Il y a ici un petit article intéressant posant la question de Wikipédia et de l’esprit critique, article qui a le mérite de signaler un peu les éléments de décodage d’une page de l’encyclopédie en ligne. Et de rappeler que les élèves ne sont pas les seuls plagieurs qui vont pêcher dans l’océan du web des éléments repris à leur propre compte. La conclusion de cet article revient peu ou prou à ma conception de l’enseignement comme je le disais plus haut :

« Je dois dire que l’enseignement de Loys Bonot [Note : l’enseignant ayant « pourri le web »] échappe dans une certaine mesure à ce travers. Son expérience pédagogique a un mérite certain : elle incite ses élèves à s’interroger sur l’élaboration du savoir. Qu’est-ce qu’une recherche ? Comment croiser et agencer les sources disponibles ? A quelles conditions pouvons-nous dégager une « vérité scientifique » ?

Dès lors qu’une somme colossale de savoir se trouve immédiatement disponible sur Internet, le rôle de l’école devra sans doute être repensé. Il ne s’agit plus seulement de transmettre des faits et des connaissances bruts. Il importe également de définir des règles et des cadres méthodologiques : l’établissement d’une bibliographie, l’usage des références, l’évaluation des sources… Toute sorte de choses que j’ai appris en tant que wikipédien, mais jamais en tant qu’élève. »

 

Crédit photo : Wikipedia globe in a keychain! par @bastique sur Flickr en licence CC

3 réflexions sur « Le web et l’enseignement »
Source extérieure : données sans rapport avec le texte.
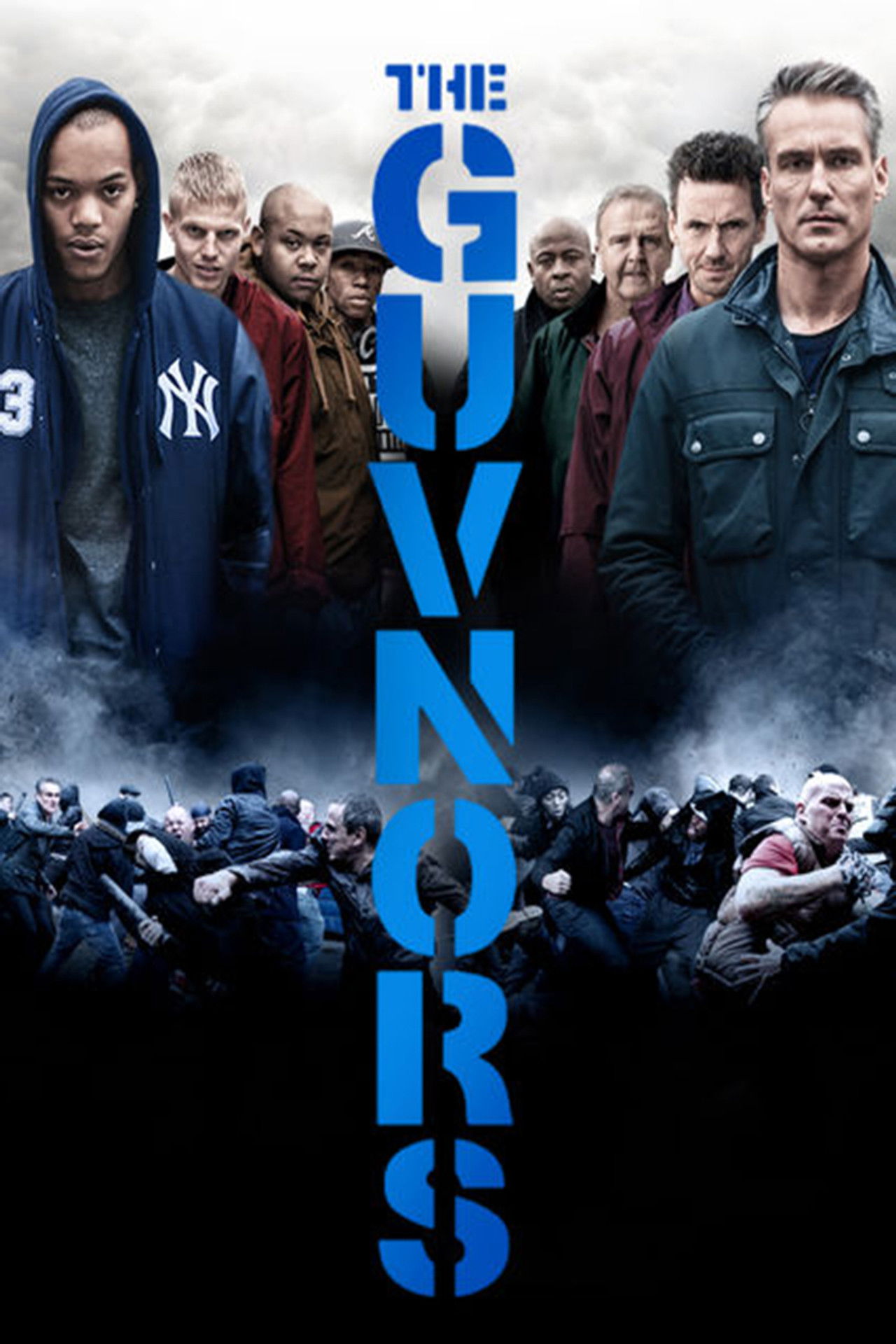 Pôster de The Guvnors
  1. Je ne crois pas que pour ce qui est de l’esprit critique internet change réellement quelque chose. L’esprit critique doit s’acquérir indépendamment d’internet. Car sinon, on arrive à des aberrations.
    De nos jours, à l’université, les étudiants prennent pour argent comptant tout ce qui était écrit dans les livres, et répètent à l’envi que internet c’est plein de conneries. Or on trouve de très bonnes choses sur internet, et d’énormes âneries dans certains livres. La question internet/esprit critique n’est pas la bonne. Elle devrait être reformulé en affirmations/esprit critique.

  2. Clairement oui, l’esprit critique a toujours été nécessaire. C’est juste qu’avec la facilité d’accès à l’information quasi-permanente et la multiplication des sources d’informations, Internet rend cela encore plus important.
    On notera au passage que cet esprit critique doit s’acquérir, et s’appliquer, pas seulement aux élèves en formation, mais chez tout le monde. Combien d’adultes avec une certaine expérience de la vie et tout n’ont absolument pas ces réflexions…!

  3. Je trouve l’expérience de l’enseignant tout à fait intéressante. Elle ne stigmatise pas forcément l’internet mais fait prendre conscience aux étudiants qu’il est indispensable de cultiver un certain esprit critique, que le support soit numérique ou papier.